## YOUR GOAL
The pictures in the listing below are to be skipped, while the lines between the line holding "NEW Pav Diamond" and the line holding "Invitation Carte Postale 4 juillet fête", inclusive, are to be output exactly.

** Opening ENTRIES SHOWN block **

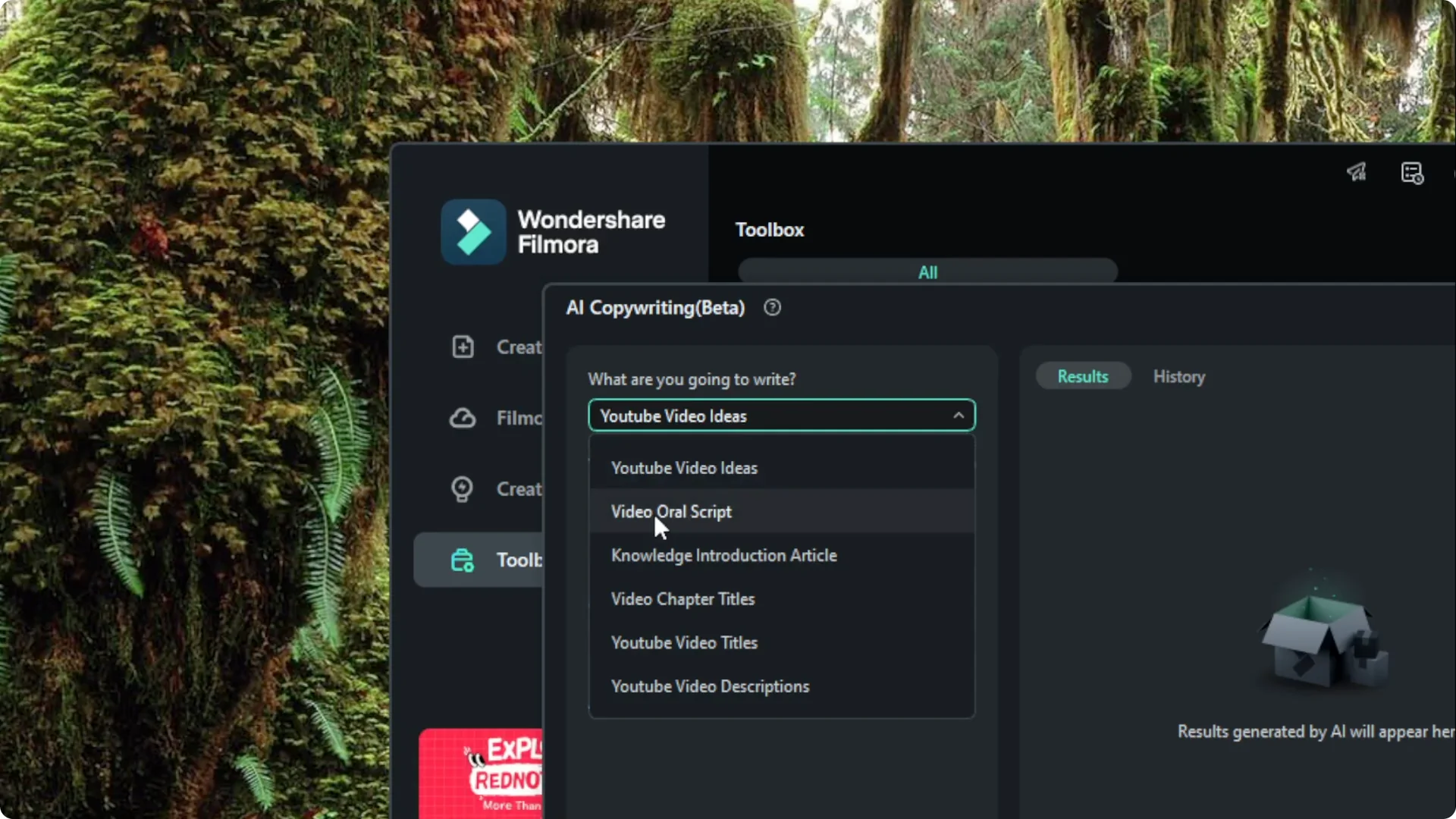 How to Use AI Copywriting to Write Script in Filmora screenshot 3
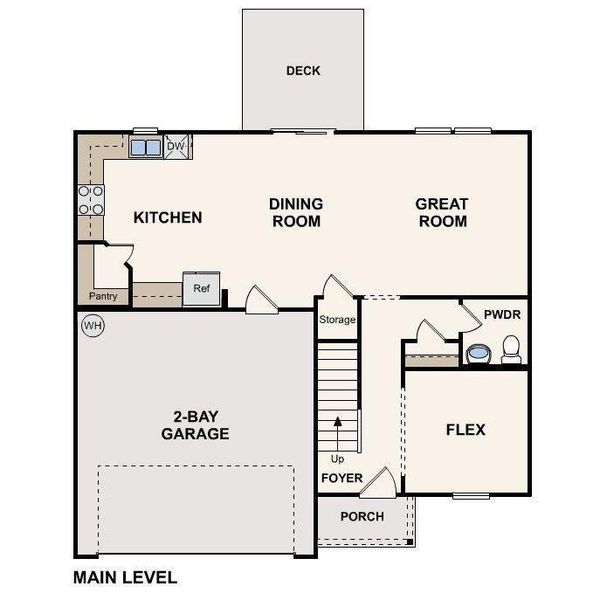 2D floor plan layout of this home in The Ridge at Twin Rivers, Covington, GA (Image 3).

** Closing ENTRIES SHOWN block **
** Opening ENTRIES SHOWN block **

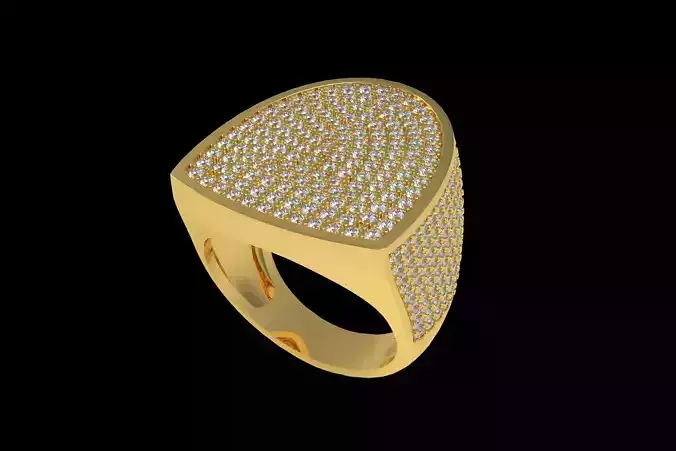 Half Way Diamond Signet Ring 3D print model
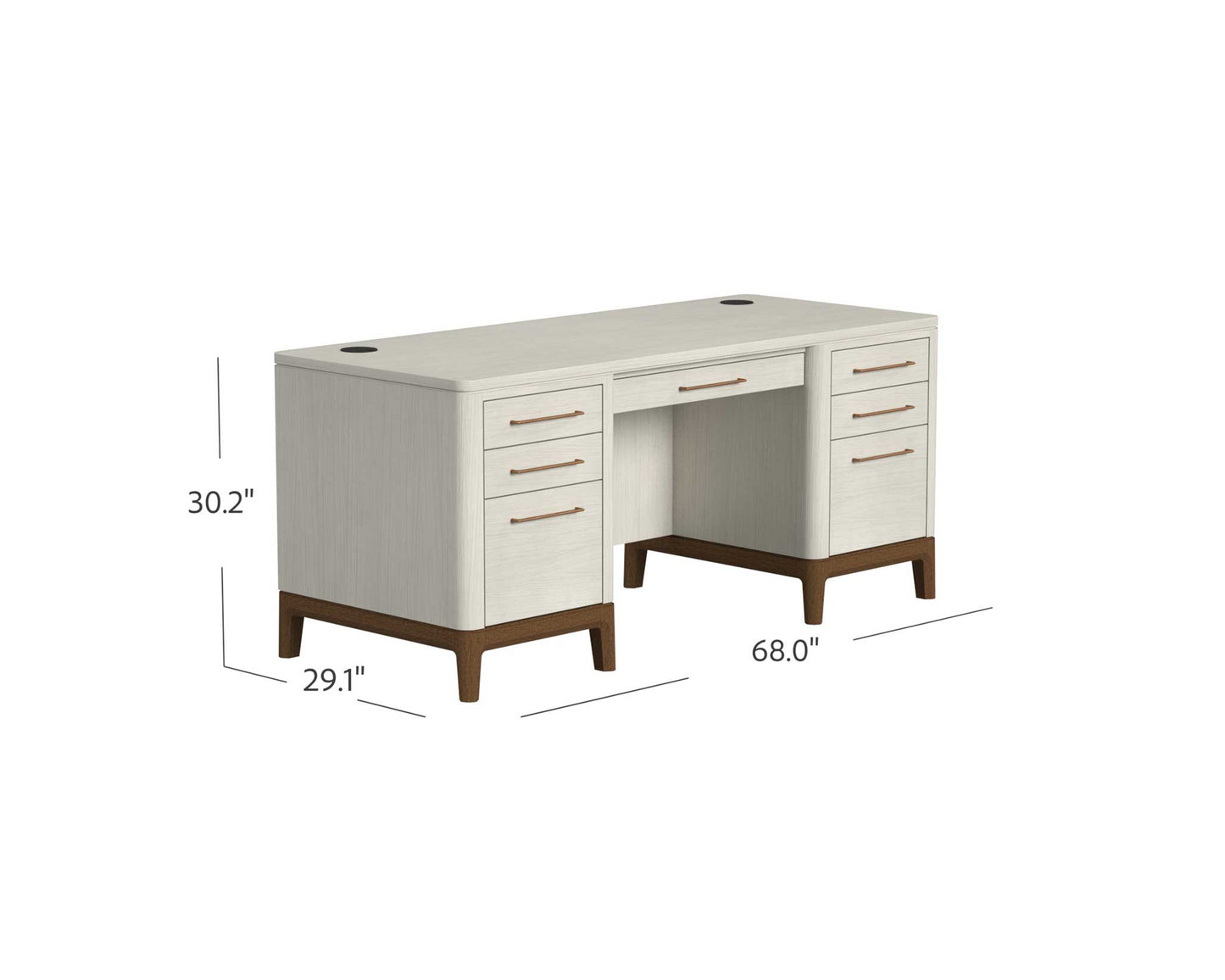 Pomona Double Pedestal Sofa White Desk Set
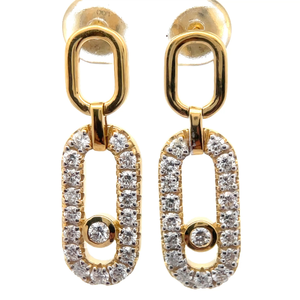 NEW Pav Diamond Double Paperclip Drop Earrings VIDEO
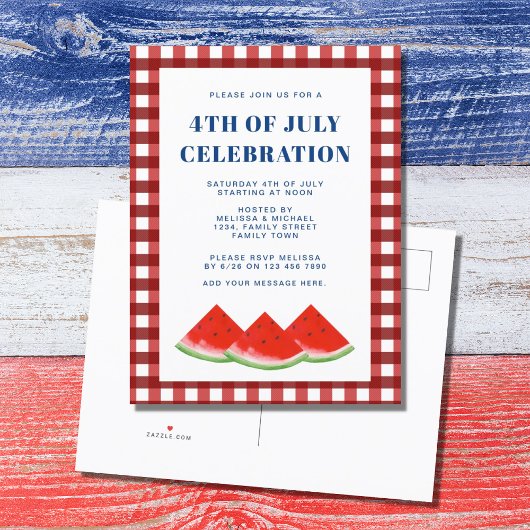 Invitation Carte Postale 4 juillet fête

** Closing ENTRIES SHOWN block **

## EXERCISE SOLUTION
 NEW Pav Diamond Double Paperclip Drop Earrings VIDEO
 Invitation Carte Postale 4 juillet fête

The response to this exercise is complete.